By coincidence, scientists last week also released the findings of the most comprehensive regional climate change model ever completed, which provides detailed models of the temperature and precipitation impacts on California. These scientists noted that California is believed to be particularly vulnerable to the impacts of climate change.

Their peer-reviewed climate model predicts by the year 2050 California will face higher average temperatures every month of the year in every part of the State. The average temperature in June in the Sierra Nevada mountains, for instance, will increase by 11 degrees Fahrenheit.

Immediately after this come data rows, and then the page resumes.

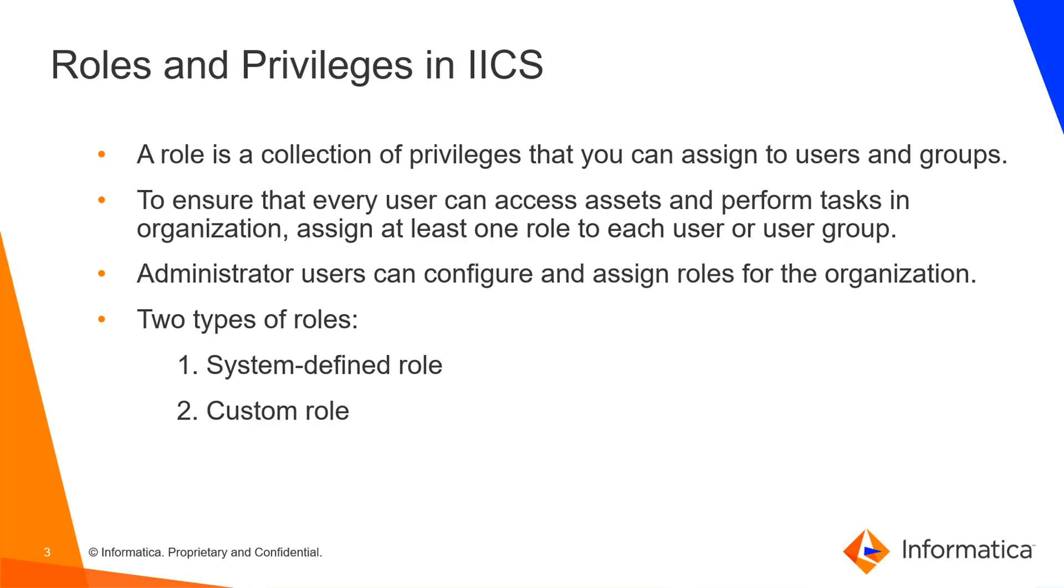To ensure that every user can access assets and perform tasks in the organization, assign at least one role to each user or user group to which the user belongs. This activity can be done by the administrative user, who can configure and assign roles for the organization.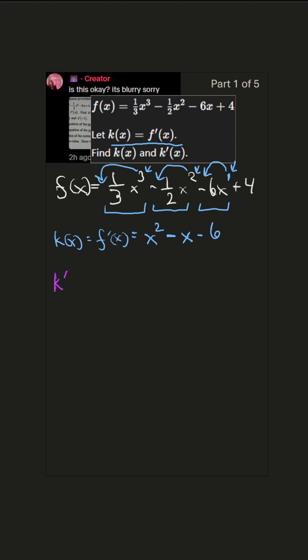Okay, k'(x) equals f''(x), which equals... well, same kind of story. We bring this power out in front, and we have 2. We reduce the power by 1. That's just x.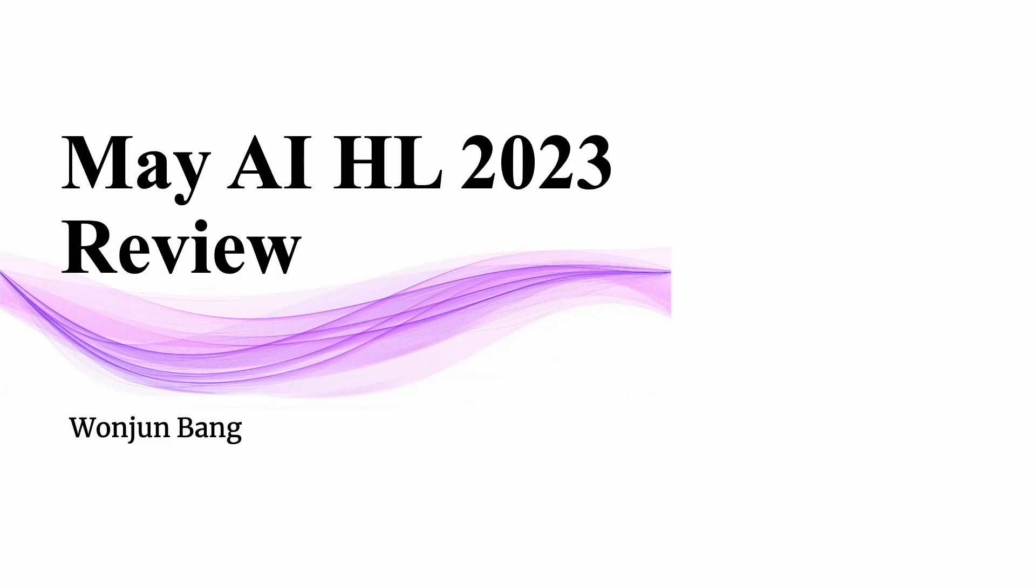Hello guys, let's go over May AI HL exam questions and see what students have to be aware of to study for AI HL. Without further ado, let's get started.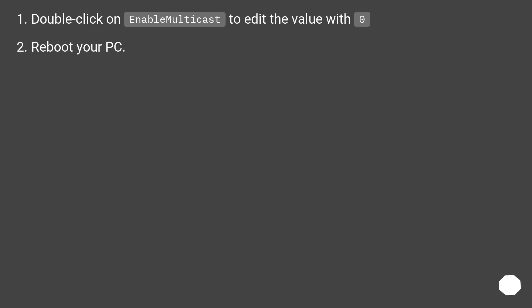Double-click on EnableMulticast to edit the value with zero. Reboot your PC.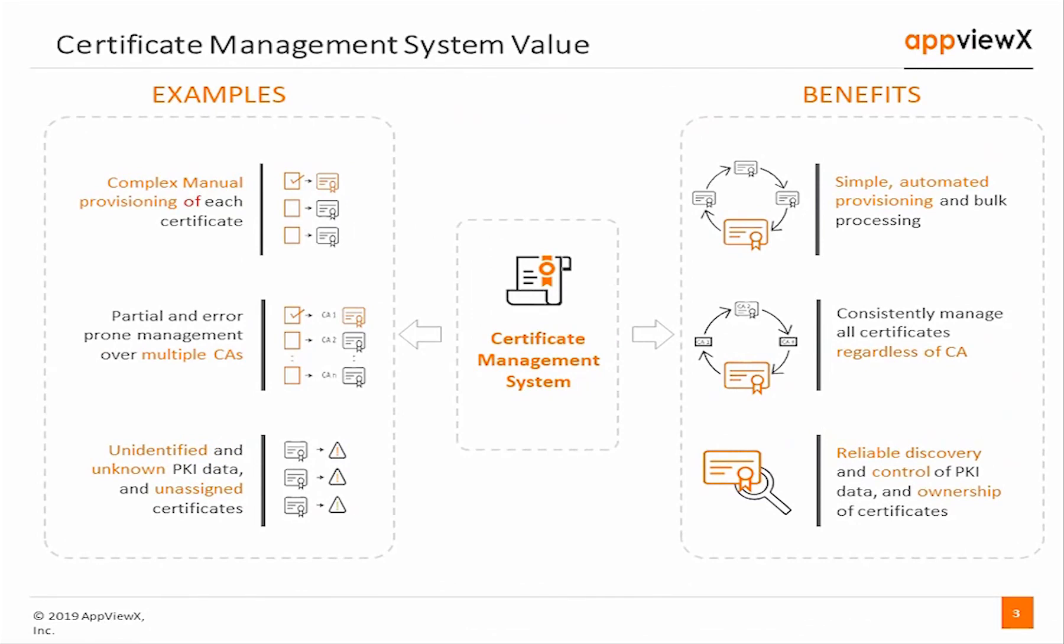At a minimum, discovery methods should be used to determine the scope of the certificate inventory, covering known and unknown certificates that exist in the environment.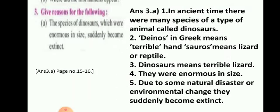Question number 3: give reason for the following. The species of dinosaurs which were enormous in size suddenly became extinct. In ancient times there were many species of a type of animal called dinosaurs. The word 'deinos' in Greek means terrible and 'sauros' means lizard or reptile, so dinosaurs means terrible lizard. They were enormous in size; due to some natural disaster or environmental change they suddenly became extinct.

  The snowpack in the Sierra, which is a vital source of water in the State, is expected to drop by 13 feet and to have melted entirely nearly two months earlier than it does now.  This means that the precious water we now rely upon for agriculture, drinking water, and other purposes will no longer be available.

  Yet despite the frightening predictions in this study, the EPA report, and many others, President Bush fails to offer a plan for action.  The Administration’s EPA report notes that we will simply have to learn to "adapt" to climate change.

  To me, this is an incredible abdication of responsibility and provides further justification for the Senate to step in where the President won’t. 

  The Clean Power Act simply establishes a standard that the first Bush Administration committed to (and the Senate ratified) as part of the UN Convention on Global Climate Change at Rio.  We have done little to fulfill that commitment.  This bill would help us to begin to remedy that.

  I look forward to working with the Chairman to help move this bill forward as quickly as possible.